§ **REQUIRED WORK**
Should a picture appear anywhere in the data, omit it and copy everything else exactly.

§ **THE DATA**
--------------------

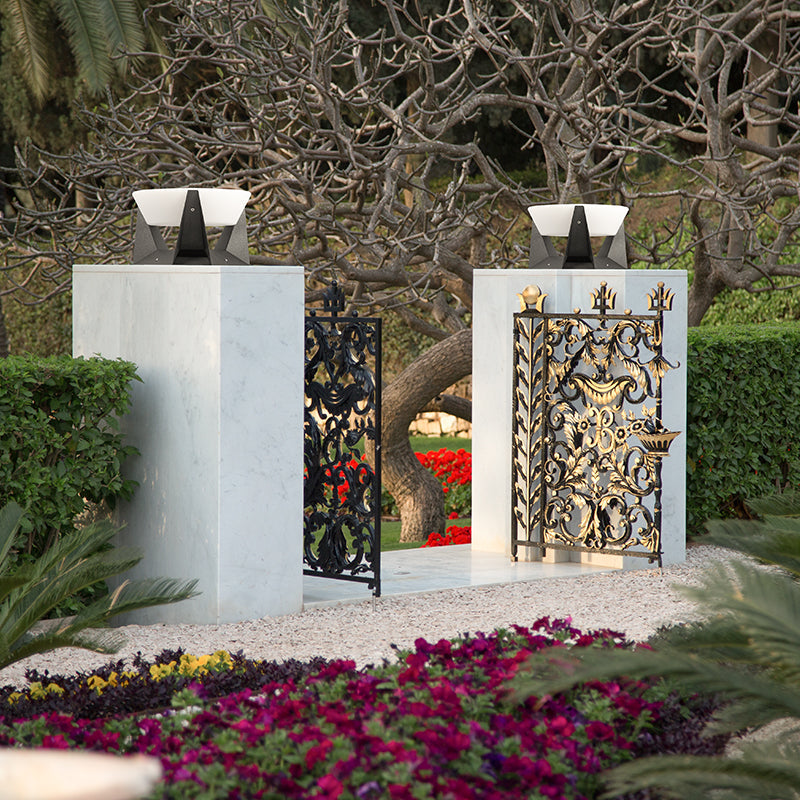 Solar-Powered Outdoor Column Light – Compact Durable Design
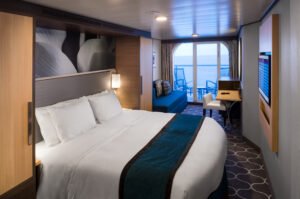 Projects superior ocean view stateroom w/balcony cat. d8
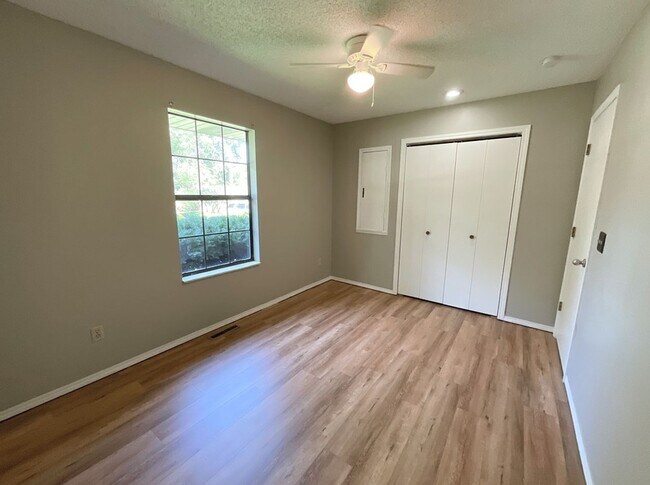 Building Photo - LEASING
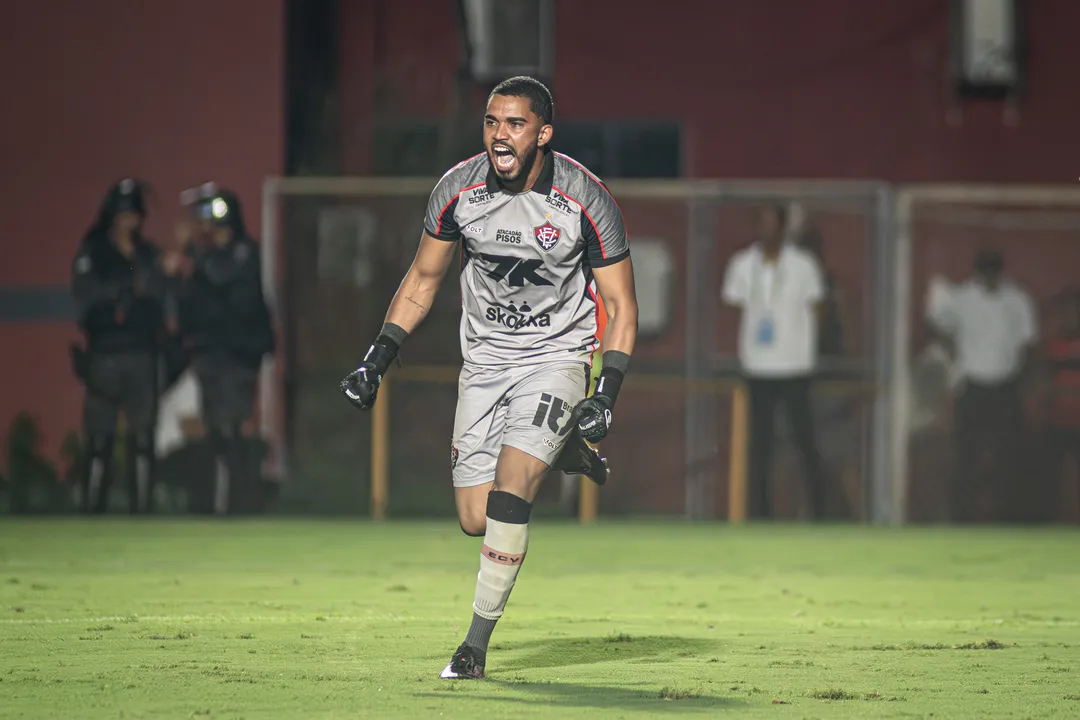 Lucas Arcanjo, goleiro do Vitória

--------------------

§ **EXERCISE OUTPUT**
 Solar-Powered Outdoor Column Light – Compact Durable Design
 Projects superior ocean view stateroom w/balcony cat. d8
 Building Photo - LEASING
 Lucas Arcanjo, goleiro do Vitória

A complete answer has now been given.